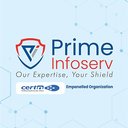Prime Infoserv company logo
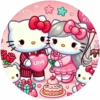 Hello Kitty💞6🇵🇪Movi 12
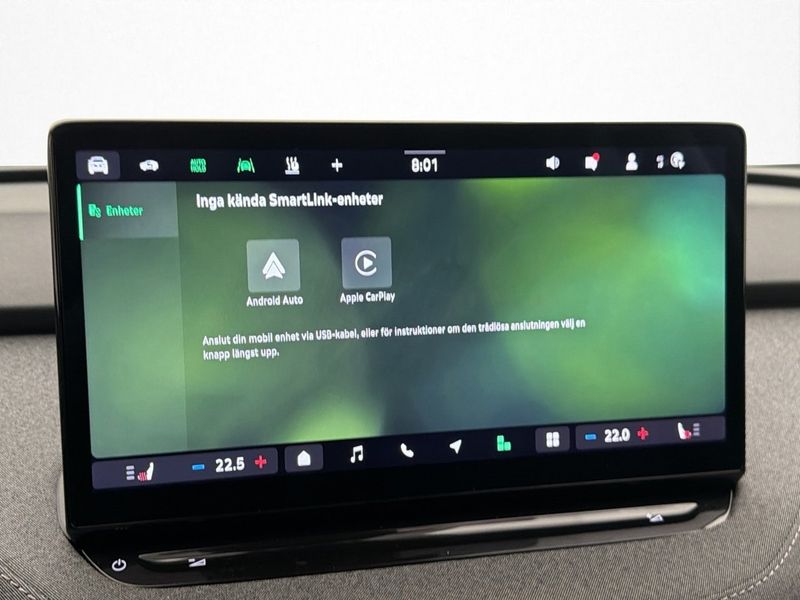 Skoda Enyaq bild 30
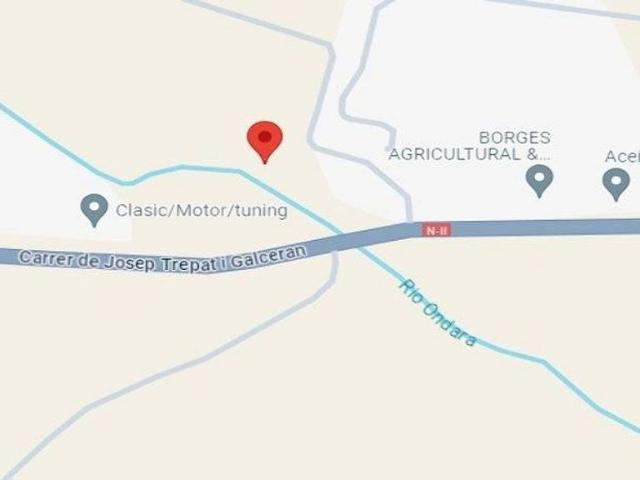 Terreno en venta en Urgell, Catalunya
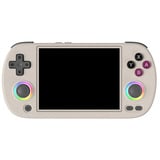 Anbernic RG 40XX H handheld game console Grijs, 64 GB + 64 GB SD, WIFI 5G, Bluetooth 4.2, Linux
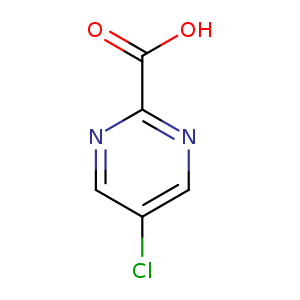 5-CHLOROPYRIMIDINE-2-CARBOXYLIC ACID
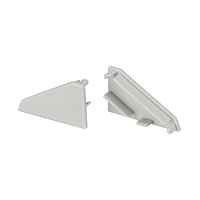 Заглушка KLUS-P45.30 FLAT левая Arlight 025971 - цена и фото Заглушка KLUS-P45.30 FLAT левая Arlight 025971 - цена и фото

******

*THE TASK:* Repeat the data in full and exactly. Omit pictures.

*RESULT BELOW:*
Prime Infoserv company logo
 Hello Kitty💞6🇵🇪Movi 12
 Skoda Enyaq bild 30
 Terreno en venta en Urgell, Catalunya
 Anbernic RG 40XX H handheld game console Grijs, 64 GB + 64 GB SD, WIFI 5G, Bluetooth 4.2, Linux
 5-CHLOROPYRIMIDINE-2-CARBOXYLIC ACID
 Заглушка KLUS-P45.30 FLAT левая Arlight 025971 - цена и фото Заглушка KLUS-P45.30 FLAT левая Arlight 025971 - цена и фото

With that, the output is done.